DAN HYDE: Rethink this terrible tax on our livelihoods, our high streets and our communities
It's all very well for banks, supermarkets and coffee chains to moan about the taxes they pay - but they have it easy. The real victims are your local greengrocer, baker and cornershop owner.
Devastation is being heaped on communities by so-called business rates, and they can be difficult to fathom.
But 'business rates' is just jargon for the council tax firms pay on their bricks and mortar to fund services, such as repairs to the road outside.
The real victims: Devastation is being heaped on communities by so-called business rates
Like council tax, the charges are based on property values and must be reassessed every so often.
Major retailers won't be badly hit by this April's changes, as taxes will rise in some of the areas where they have outlets and fall in others.
By contrast, family firms can't spread the cost. If property values have soared in their area since 2010 - when rates were last calculated - they face unaffordable hikes.
Make no mistake, the Government is taxing what it can, rather than what it should, and will decimate communities in the process.
Unlike income or corporation taxes, this levy bears no relation to earnings or profits. Most small retailers just about break even.
Their turnover covers wages, new stock, the family car, utility bills and days out - and that's it.
But, if by sheer fluke, their shop is in a village where property prices have rocketed in the past seven years, their bills could go from £300 a year to £3,000 over the next five.
Where does the Government think families will get that kind of money? If they cannot dip into their own pockets, they'll just close.
That'll leave our High Streets full of bookmakers, charity shops (which don't pay business rates) and big chains that employ armies of accountants to dodge as much tax as possible.
John Whiting argues profits from Airbnb and eBay should be taxed
We urgently need a rethink of how these taxes are calculated, before thousands of livelihoods and country towns are ruined for ever.
Taxing task
Did you file your tax return on time? As the deadline passed last night, accountants said thousands were being penalised for forgetting to mention old savings accounts, work health insurance and so on.
Last year, 142,775 people were fined for 'careless errors' - a 66 per cent rise on the previous 12 months.
But this is a problem of the Government's own making. Since the Office of Tax Simplification was formed in 2010, the length of our tax code has roughly doubled.
The quango's director, John Whiting, argues our tax system must take in new money-making schemes, such as homeowners letting properties on Airbnb or trading on eBay.
But his job has been made unnecessarily complicated by repeated Government tinkering with savings, such as the £1,000 tax-free allowance.
In his own words, it's been like trying to paint Brighton pier as it's extended to France.
He should tell Chancellor Philip Hammond it'd make all our lives easier if he just scrapped all tax on savings. And how about ditching that pointless lifetime cap on pension saving while he's at it?
Gadget grief
It's all change for the telly. Not what's being shown on screen, but the way we watch it.
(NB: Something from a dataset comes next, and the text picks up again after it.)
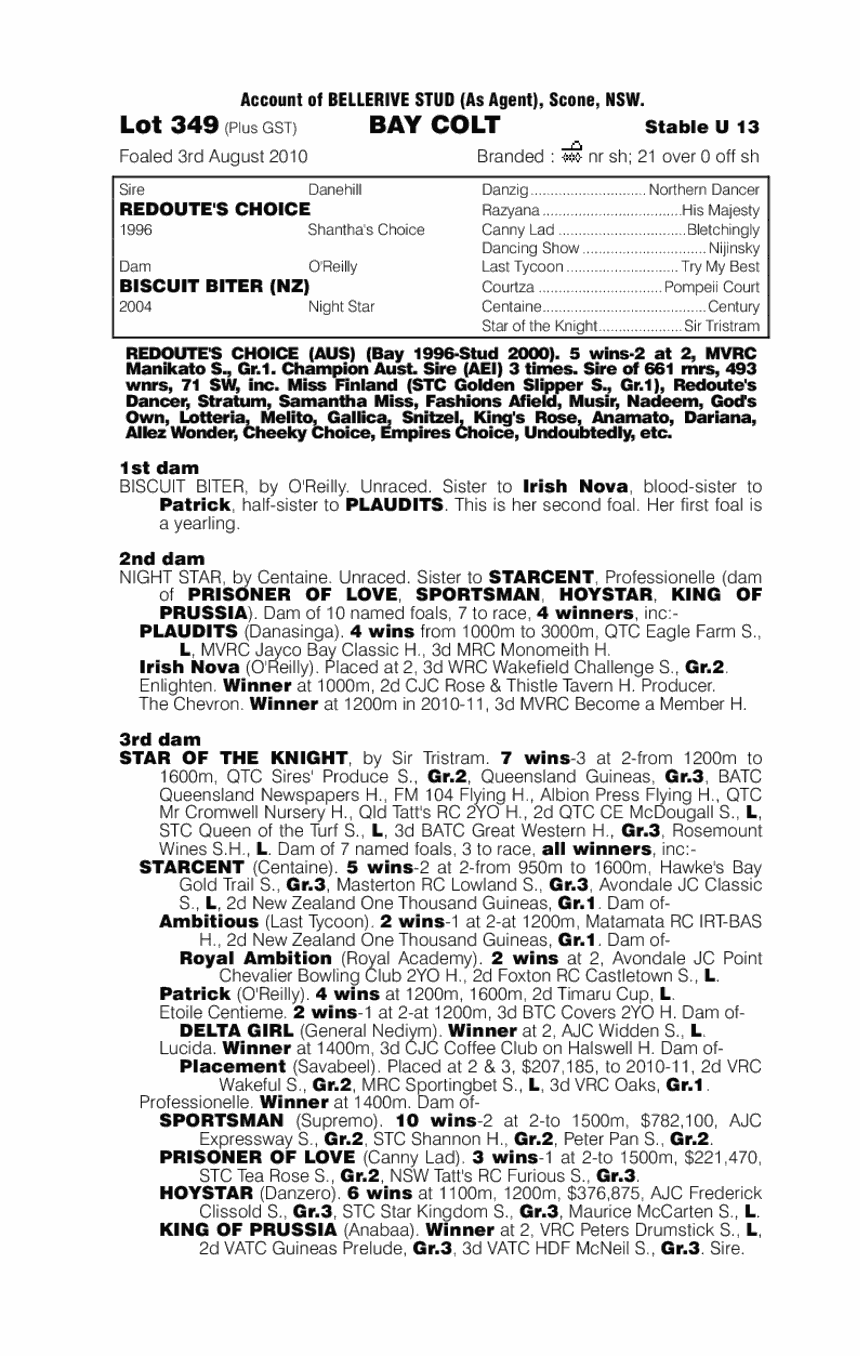 Redoute's Choice (AUS) / Biscuit Biter (NZ) - pedigree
The 3D revolution is dead, with LG, Sony and Samsung ceasing production of the specialist sets. Turns out nobody wanted to wear the silly coloured glasses every time they turned on the box. You really don't say!
Now Dixons has a deal where you pay a monthly fee for your TV instead of buying one.
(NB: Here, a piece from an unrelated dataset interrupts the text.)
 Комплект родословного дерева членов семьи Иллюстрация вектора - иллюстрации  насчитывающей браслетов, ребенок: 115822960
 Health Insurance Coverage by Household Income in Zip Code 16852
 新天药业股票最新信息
If a set breaks, the firm will repair or replace it.
I'm not sure it'll catch on, but at least Dixons, the owner of PC World, is trying to listen to what shoppers actually want.
The same can't be said about some of its in-store policies.
I've written before about the PC World store that told me you can't try headphones before buying — or return them if they sound tinny when you get them home.
After writing to Sebastian James, the firm's chief executive, he sent this polite reply: 'I don't think we covered ourselves in glory in terms of the advice we gave you.
We do allow customers to return unused products within a period of time, even if they are not faulty and I'm sorry you were told differently.'
Great. And he says that the staff in the store that I visited are to be retrained.
He did add, however, that the gadgets where the box seals are broken 'are, in many cases, worthless,' so Dixons 'needs to be stricter' than fashion retailers on returns. That is just a little bit too vague for my liking.
Aid the elderly
Surrey County Council's response to the care funding crisis embodies everything that is wrong with the way our elderly are looked after.
Money Mail has seen documents that show officials went into the empty home of a widowed nursing home resident in her 80s to find proof she could afford care fees.
The council got her permission to do this just a month before she was judged incapable of managing her affairs.
It found bank statements showing £39,518 in savings and now wants to take control of her estate - she has since died - to cover the £36,333 care fees it paid.
The cash-strapped councils can't afford care bills of up to £1,000 a week per person - but who can? The Government could help.
How about allowing money to be taken out of pensions tax-free to pay for care? And perhaps give people a 50p top-up for every £1 put into a 'care Isa'?
Everyone in Britain must share the care funding burden now - and that still has to include the state.